That's very interesting for me. Same DSL and vendor, and your D/L time was still roughly 75% of the programs time in a wired system. Same as my wireless times the other day.


----------



## cougar (Jul 6, 2007)

mikefeuer said:


> That's very interesting for me. Same DSL and vendor, and your D/L time was still roughly 75% of the programs time in a wired system. Same as my wireless times the other day.


Hi Mike, the posts I've seen stating faster download times are usually from folks using cable, so are we really slow? I thought I was doing pretty well :lol:


----------



## mikefeuer (Dec 12, 2006)

cougar said:


> Hi Mike, the posts I've seen stating faster download times are usually from folks using cable, so are we really slow? I thought I was doing pretty well :lol:


While my 6MB service tests well, certainly there are some cable services offering up to twice that speed now.

I did try something again last night and it was a bit better, but I think too that we will be subject to server loads at peak times from Directv.
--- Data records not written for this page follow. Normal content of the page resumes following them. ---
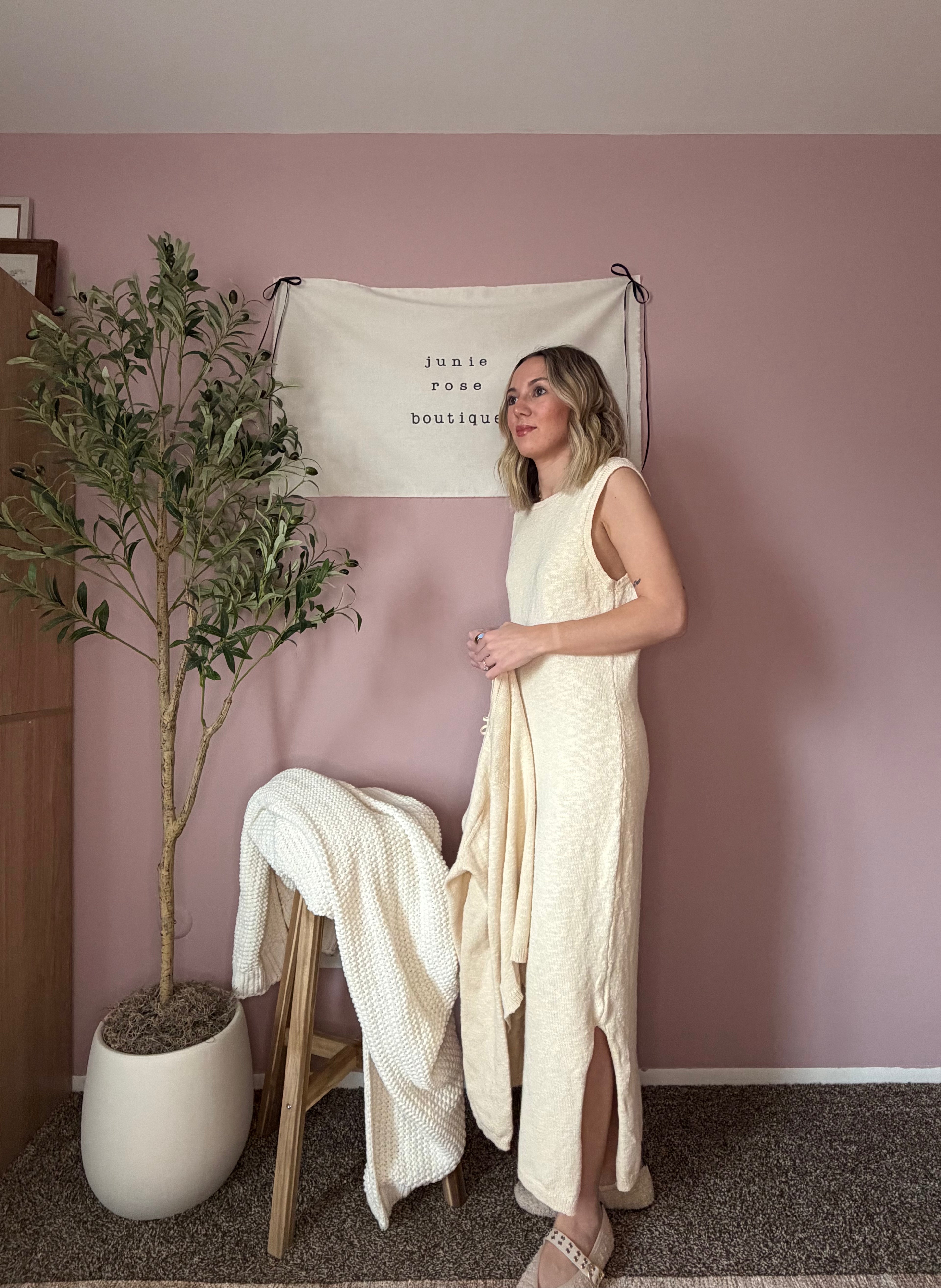Sandstone Cardi and Dress Set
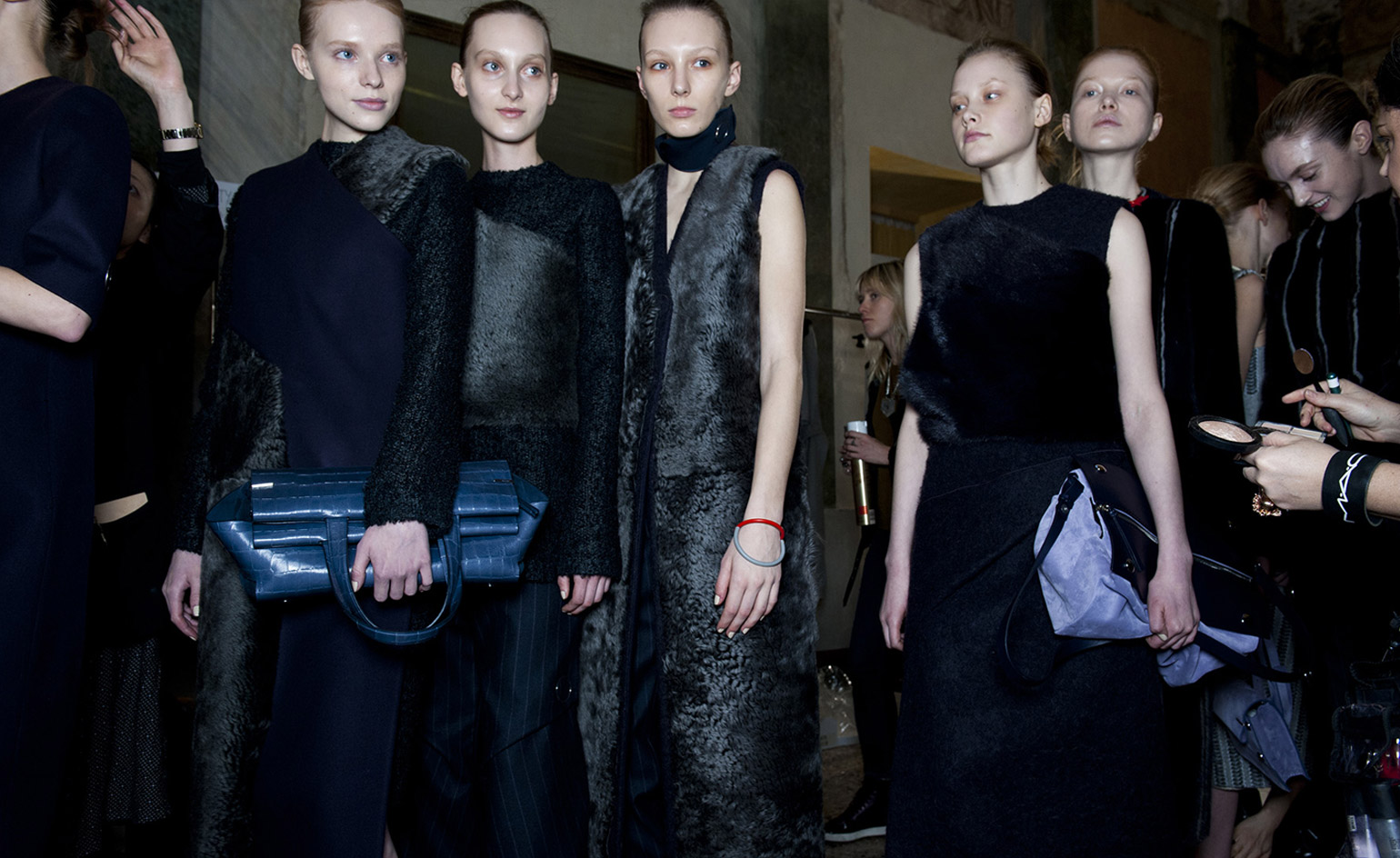 Female models wearing black clothes from the Gabriele Colangelo A/W 2015 collection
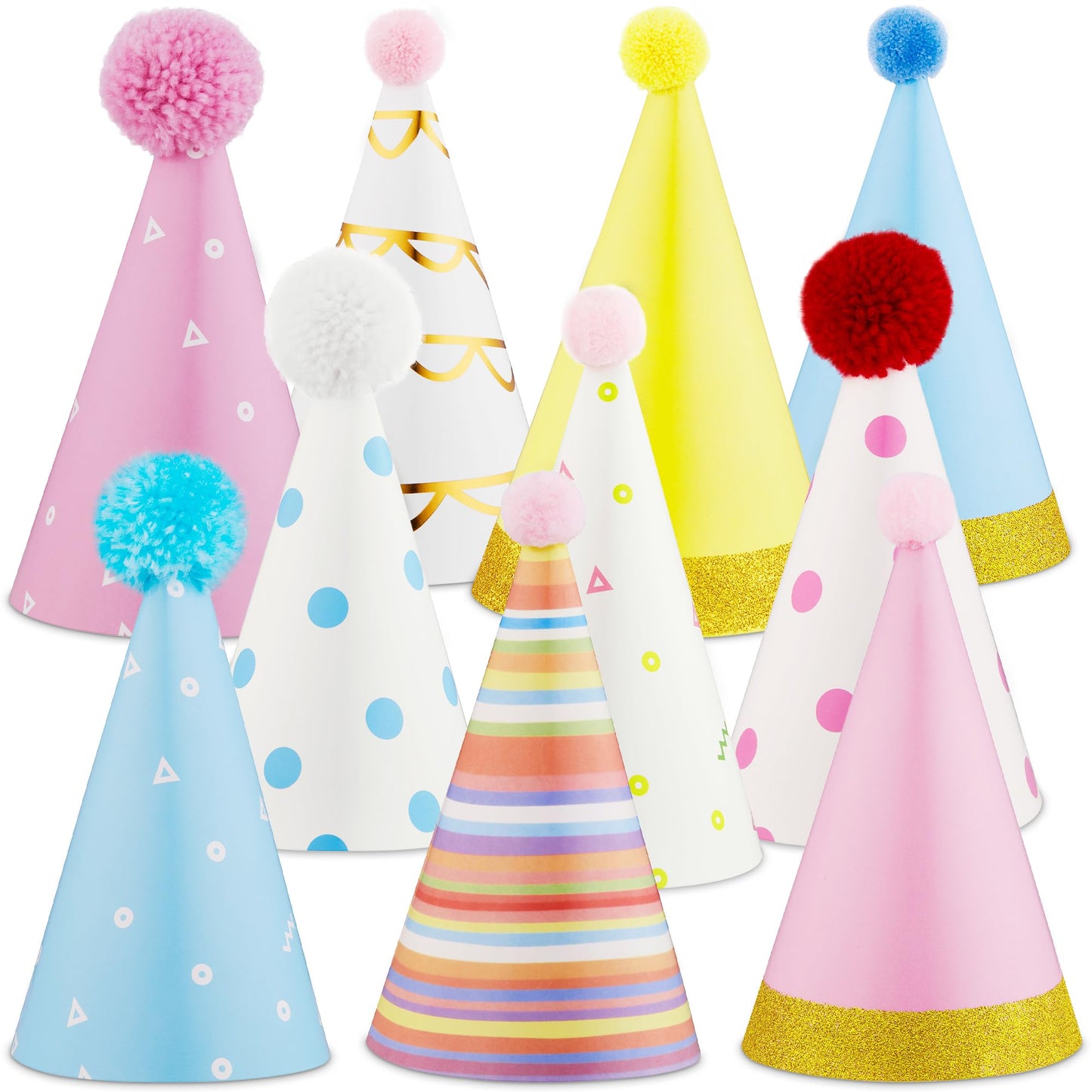 PixiPy Birthday Party Hats – 10 Colorful Cone-Shaped Celebration Headwear for Memorable Parties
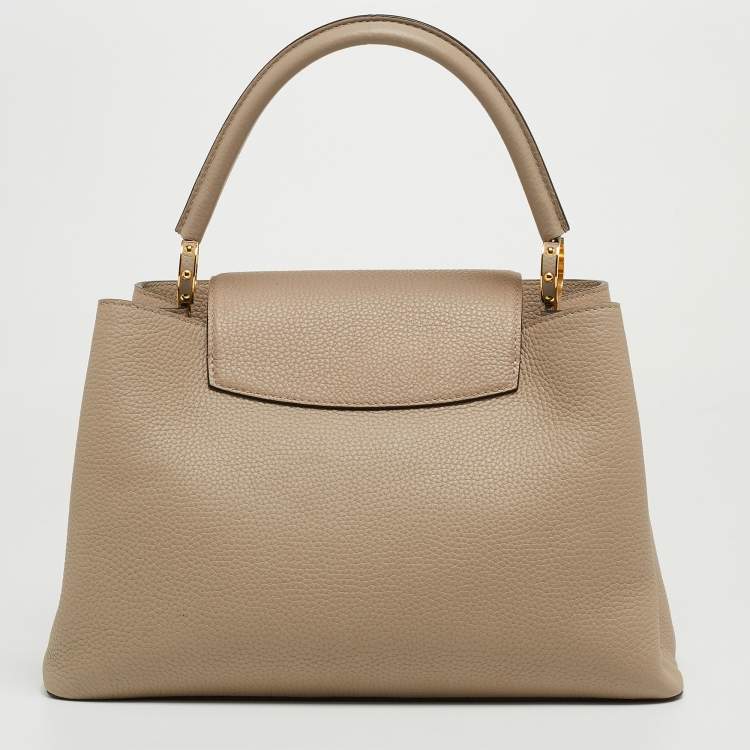 Pre Owned Louis Vuitton Beige Leather Capucines MM Bag
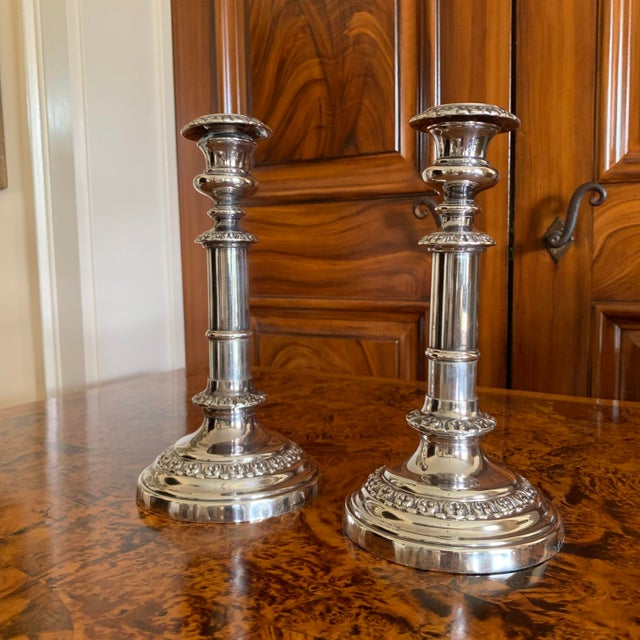 English English Sheffield Silver Telescopic Candle Stick Holders - A Pair For Sale - Image 3 of 12
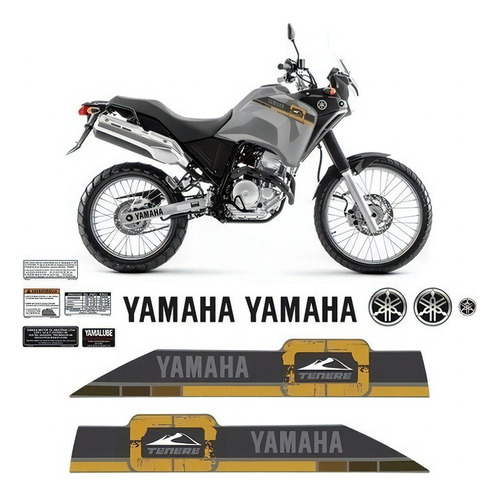Adesivo Tenere 250 2015/2016 Amarelo Moto Yamaha + Emblemas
The only time I've tried was around 9 or 10 PM eastern.

With your direct connection experience I suspect a lot must be server load limitations.


----------



## smcpike (Oct 23, 2007)

I have 6 MB "Phone Company" DSL service (get about 4.5-5MB routinely down).

I just got activated today (first post) and started a download of UltraViolet (Widescreen) from Starz (1 hr 35 min in length). After 12 minutes it was at 16% and I started it playing as it seems to be downloading faster than 1:1. I'm now 21 minutes in to the movie and its downloaded over 50%. Speed is fine for me... i expect i could've started watching after 5 minutes.

Now quality is another thing... but i never watch SD so i'll hold my opinion there until i see some HD content.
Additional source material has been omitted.